The present King of France is bald.

Using \(PKFx\) to represent the propositional function of being a present King of France and \(B\) to represent the propositional function of being bald, Whitehead and Russell would represent the above claim as:

\[ [(\atoi x)(PKFx)] \sdot B(\atoi x)(PKFx) \]

which by ∗14·01 means:

\[ (\exists b) \colon PKFx \ldot {\equiv_x} \ldot x=b \colon Bb \]

In words, there is one and only one \(b\) which is a present King of France and which is bald. In modern symbols, using \(b\) non-standardly, as a variable, this becomes:

\[ (\exists b)[\forall x(PKFx \equiv x=b) \amp Bb] \]

Now we return to the example which shows how the scope of the description makes a difference:

Example.
The present King of France is not bald.

There are two options for representing this sentence.

\[ [(\atoi x)(Kx)] \sdot \osim B(\atoi x)(Kx) \]

and

\[ \osim [(\atoi x)(Kx)] \sdot B(\atoi x)(Kx) \]

In the first, the description has “wide” scope, and in the second, the description has “narrow” scope. Russell says that the description has “primary occurrence” in the former, and “secondary occurrence” in the latter. Given the definition ∗14·01, the two PM formulas immediately above become expanded into primitive notation as:

\[ \begin{align} (\exists b) \colon PKFx \equiv_x x=b \colon \osim Bb\\ \osim (\exists b) \colon PKFx \equiv_x x=b \colon Bb \end{align} \]

In modern notation these become:

\[ \begin{align} \exists x[\forall y(PKFy \equiv y=x) \amp \osim Bx]\\ \osim \exists x[\forall y(PKFy \equiv y=x) \amp Bx] \end{align} \]

The former says that there is one and only one object which is a present King of France and which is not bald; i.e., there is exactly one present King of France and he is not bald. This reading is false, given that there is no present King of France. The latter says it is not the case that there is exactly one present King of France which is bald. This reading is true.

Although Whitehead and Russell take the descriptions in these examples to be the expressions which have scope, the above readings in both expanded PM notation and in modern notation suggest why some modern logicians take the difference in readings here to be a matter of the scope of the negation sign.

9. Classes

The circumflex “ˆ” over a variable preceding a formula is used to indicate a class, thus \(\hat{x} \psi x\) is the class of things \(x\) which are such that \(\psi x\). In modern notation we represent this class as \(\{x \mid \psi x\}\), which is read: the class of \(x\) which are such that \(x\) has \(\psi\).
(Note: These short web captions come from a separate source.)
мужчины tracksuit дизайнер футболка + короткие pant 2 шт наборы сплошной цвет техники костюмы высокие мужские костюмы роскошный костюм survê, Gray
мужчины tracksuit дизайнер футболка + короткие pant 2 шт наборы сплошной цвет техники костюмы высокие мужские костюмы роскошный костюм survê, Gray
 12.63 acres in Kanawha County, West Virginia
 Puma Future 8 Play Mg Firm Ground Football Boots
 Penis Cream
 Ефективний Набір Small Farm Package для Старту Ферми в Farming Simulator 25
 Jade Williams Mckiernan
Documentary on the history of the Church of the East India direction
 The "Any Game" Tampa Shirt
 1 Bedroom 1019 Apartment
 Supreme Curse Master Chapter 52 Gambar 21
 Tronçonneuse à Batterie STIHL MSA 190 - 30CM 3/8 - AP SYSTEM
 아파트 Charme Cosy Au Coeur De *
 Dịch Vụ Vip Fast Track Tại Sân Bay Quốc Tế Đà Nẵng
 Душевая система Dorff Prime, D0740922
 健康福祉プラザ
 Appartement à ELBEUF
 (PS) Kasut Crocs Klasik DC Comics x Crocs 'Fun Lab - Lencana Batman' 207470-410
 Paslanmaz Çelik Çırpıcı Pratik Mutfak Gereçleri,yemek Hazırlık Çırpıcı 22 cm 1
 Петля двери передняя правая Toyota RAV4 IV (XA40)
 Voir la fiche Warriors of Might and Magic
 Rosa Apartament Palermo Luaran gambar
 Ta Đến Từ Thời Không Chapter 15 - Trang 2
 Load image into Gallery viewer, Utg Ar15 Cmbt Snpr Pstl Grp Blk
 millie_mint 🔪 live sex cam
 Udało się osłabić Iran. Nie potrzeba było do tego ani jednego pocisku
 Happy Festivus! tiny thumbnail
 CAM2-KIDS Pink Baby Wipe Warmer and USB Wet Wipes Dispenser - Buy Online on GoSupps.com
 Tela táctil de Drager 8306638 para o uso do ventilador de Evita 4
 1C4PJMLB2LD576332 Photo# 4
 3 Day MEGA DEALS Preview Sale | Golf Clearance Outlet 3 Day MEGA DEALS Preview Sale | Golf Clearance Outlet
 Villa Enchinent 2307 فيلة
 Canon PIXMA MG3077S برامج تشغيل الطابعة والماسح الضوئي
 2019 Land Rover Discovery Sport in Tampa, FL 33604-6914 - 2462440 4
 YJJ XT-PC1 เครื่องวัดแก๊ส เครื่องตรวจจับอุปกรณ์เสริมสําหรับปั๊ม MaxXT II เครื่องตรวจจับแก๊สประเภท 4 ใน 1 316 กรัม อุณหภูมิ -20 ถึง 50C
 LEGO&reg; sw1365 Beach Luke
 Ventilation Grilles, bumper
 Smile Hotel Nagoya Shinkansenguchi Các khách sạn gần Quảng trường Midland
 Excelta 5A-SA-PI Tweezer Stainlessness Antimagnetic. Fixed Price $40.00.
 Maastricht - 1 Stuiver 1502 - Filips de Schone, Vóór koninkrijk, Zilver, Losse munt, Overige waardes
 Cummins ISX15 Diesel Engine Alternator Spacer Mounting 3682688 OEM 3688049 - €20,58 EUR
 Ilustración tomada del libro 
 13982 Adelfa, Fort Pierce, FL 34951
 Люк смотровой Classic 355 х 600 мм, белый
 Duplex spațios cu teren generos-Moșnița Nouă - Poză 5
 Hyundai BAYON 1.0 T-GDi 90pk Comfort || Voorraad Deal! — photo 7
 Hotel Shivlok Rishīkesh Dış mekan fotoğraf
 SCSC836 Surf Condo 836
Recall that “\(\phi \hat{x}\)”, with the circumflex over a variable after the predicate variable, expresses the propositional function of being an \(x\) such that \(\phi x\). In the type theory of PM, the class \(\hat{x} \phi x\) has the same logical type as the function \(\phi \hat{x}\). This makes it appropriate to use the following contextual definition, which allows one to eliminate the class term \(\hat{x} \psi x\) from occurrences in the context \(f\): \[ \tag*{∗20·01} f\{ \hat{z}(\psi z)\} \ldot {=} \colon (\exists \phi) \colon \phi \bang x \ldot {\equiv_x} \ldot \psi x \colon f \{ \phi\bang \hat{z}\} \quad\Df \] or in modern notation: \[ f\{z \mid \psi z\} =_{df} \exists \phi[\forall x(\phi x \equiv \psi x) \amp f(\lambda x \phi x)] \] where \(\phi\) is a predicative function of \(x\)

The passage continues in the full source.